有機咖啡、公平貿易咖啡與蔭栽咖啡合稱為永續咖啡。主張環境保護及社會公益維持。藉由品嘗咖啡香,學生可學習到永續咖啡的知識,亦可讓同學在選擇了支持環境永續的咖啡產品,而讓手中的咖啡更富有意義的溫暖價值,成為實際參與保護地球與支持環境永續的一份子。
除了以上對咖啡永續發展的基本概念之外,本次的主講人周思亮,甫自衣索匹亞回台,他將帶領我們到衣索匹亞進行一場身心靈的咖啡之旅。
本活動連結SDG2消除飢餓:確保糧食安全,消除飢餓,促進永續農業與SDG12責任消費及生產: 促進綠色經濟,確保永續消費及生產模式。

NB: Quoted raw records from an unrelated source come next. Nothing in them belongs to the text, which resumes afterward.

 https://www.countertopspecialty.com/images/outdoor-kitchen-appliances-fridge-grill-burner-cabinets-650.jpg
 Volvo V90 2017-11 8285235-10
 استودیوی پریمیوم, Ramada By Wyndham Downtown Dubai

Organic coffee, fair trade coffee and shade grown coffee are referred to sustainable coffee, advocating environmental protection and social welfare. By tasting the aroma of coffee, students can learn the knowledge of sustainable coffee and choose coffee products that support environmental sustainability to make the coffee in their hands more meaningful and warm, and play an active role in protecting the earth and supporting environmental sustainability.

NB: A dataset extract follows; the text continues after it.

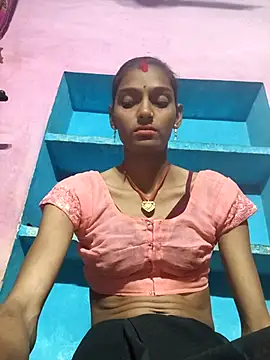 Snapshot of DESI-SHAWTY chatting on November 2025 03:00:02 PM DESI-SHAWTY online show from November 2025 03:00:02 PM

Except for the above basic concepts of sustainable development of coffee, our speaker, Peter Chou (Siliang Chou), just returned to Taiwan from Ethiopia. He will lead us to a physical, mental and spiritual coffee journey in Ethiopia.
This activity links SDG2 Zero Hunger: Ensuring Food Security, Zero Hunger, Promoting Sustainable Agriculture and SDG12 Responsible Consumption and Production: Promoting a Green Economy, Ensuring Sustainable Consumption and Production Patterns.